AIS displays status report at sea
The NCA's AIS chain along the Norwegian coast was established in 2005 and currently consists of 44 land-based base stations on mainland Norway and Svalbard. The base stations receive automatic and dynamic messages from vessels showing the vessel's position, course, speed and identity. All vessels over a certain size are, under international law, required to use AIS equipment when sailing.
Ships see each other
The national AIS network covers, with certain exceptions, the area from the baseline and 40-60 nautical miles out to sea. The AIS network automatically receives all AIS messages transmitted from vessels inside this coverage area. The AIS range is limited by the VHF range, which is determined primarily by the height of the antenna. The typical range from a vessel at sea is 20 nautical miles.
Vessels with AIS on board can see and follow the movements of other vessels in the area. AIS therefore serves as an anti-collision system and a supplement to radar-based information.
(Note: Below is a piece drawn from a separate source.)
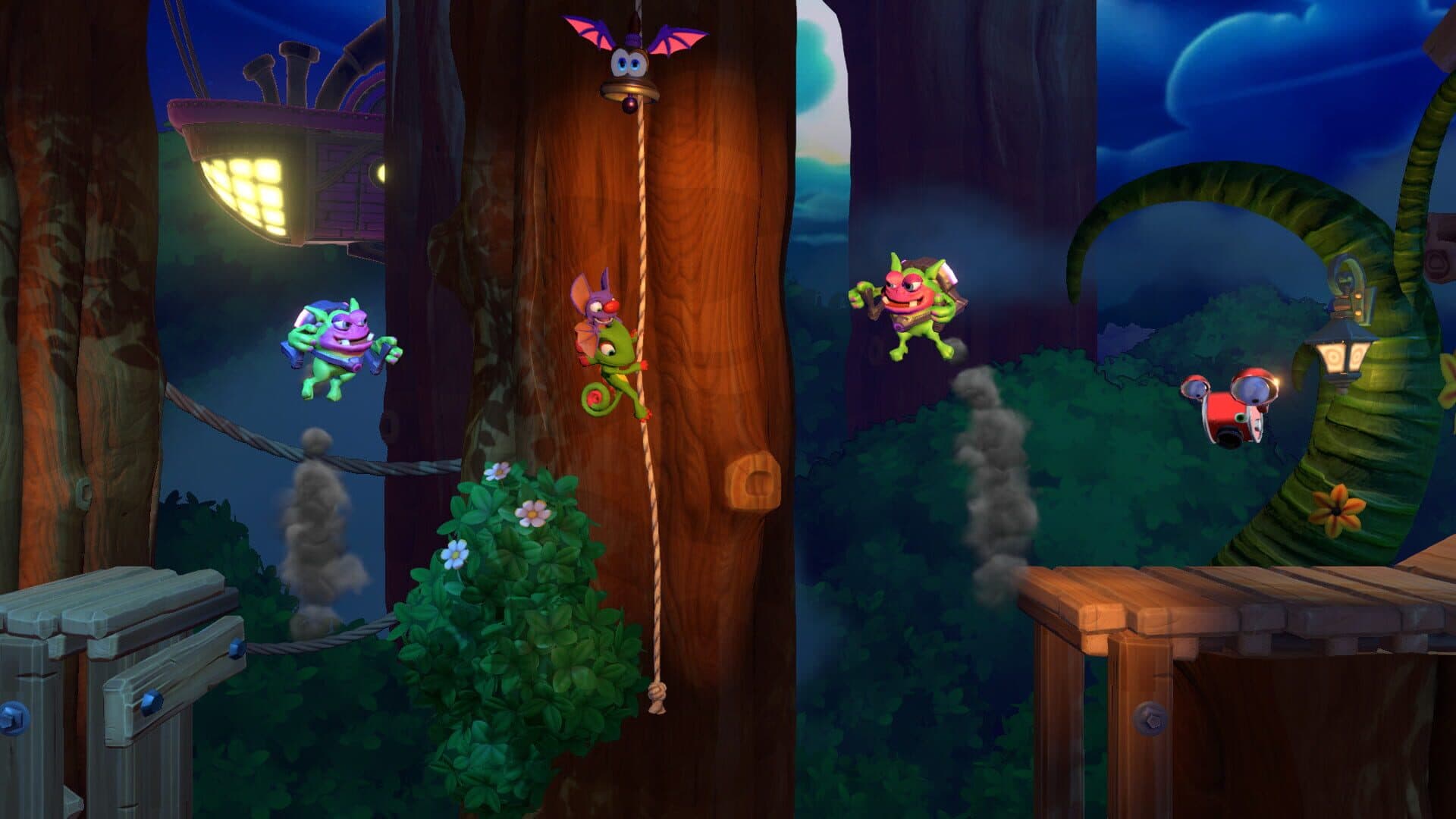 اسکرین‌شات Yooka-Laylee and the Impossible Lair - 4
Static and sailing-related information is transmitted every 6th minute or when the data changes via maritime VHF communication. Dynamic information is transmitted at an update rate ranging from 3 minutes to 2 seconds, depending on the vessel's speed and course changes.
A flexible system
Automatic AIS data received by the base stations is made available to various public authorities via a web-based service. The service also displays static information about the ship's identity, type of vessel, dimensions, destination, estimated time of arrival and cargo.
The static (identity, vessel type, dimensions) and sailing related (destination, ETA, cargo, draught) information from AIS may in some cases be limited. For this reason the web-based AIS service retrieves data from other maritime information systems, so that the quality of the static and sailing-related information becomes more detailed. Combined with the SafeSeaNet Norway (SSNN) messaging system, one can for example see information on the vessel's destination, estimated time of arrival and whether the vessel is carrying a hazardous or polluting cargo. This is important information for the Norwegian Coastal Administration's traffic control centres and oil pollution preparedness. In addition, SSN information provides information on the number of persons on board, which is important information for search and rescue operations.
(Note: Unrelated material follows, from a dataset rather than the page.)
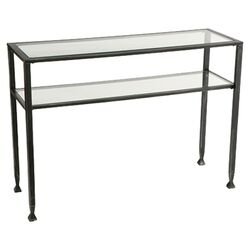 Haycock Console Table in Black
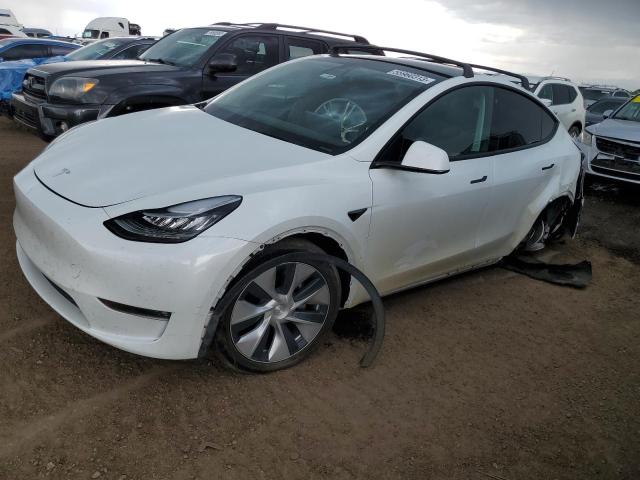 TESLA MODEL Y 2022 7saygdee5nf314247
Under constant development
Land-based AIS has a limited range of 40-60 nautical miles, and hilly terrain and unstable weather conditions cause inadequate coverage in some areas. Further development of the service is therefore one of the NCA's focus areas, and in areas with heavy traffic the establishment of more AIS base stations is planned.
Based on today's communication requirements, users with Android phones now have the opportunity to access the NCA's AIS data by downloading a newly developed AIS app. Access to the application is search-based and user restricted.
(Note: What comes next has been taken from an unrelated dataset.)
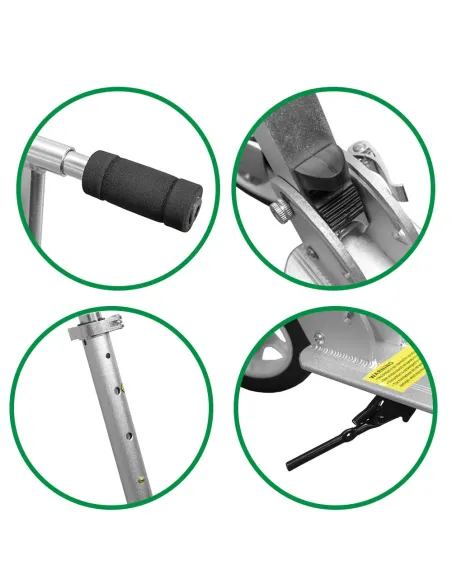 53504 Patinete De 2 Ruedas - Scooter JBM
The launch of the Norwegian AISSat-1 satellite in 2010 was a quantum leap in the development of AIS as a tool in preventive maritime safety work. With AISSat-1 the NCA gained access to satellite-based AIS data that makes it possible to observe vessels in waters that currently are beyond the reach of the land-based AIS network.
With the help of AISSat-1, the maritime traffic control centre in Vardø – which is responsible for monitoring ship traffic in the Norwegian maritime zone – and the rescue coordination centres, receive AIS signals from vessels in the waters directly into their monitoring systems.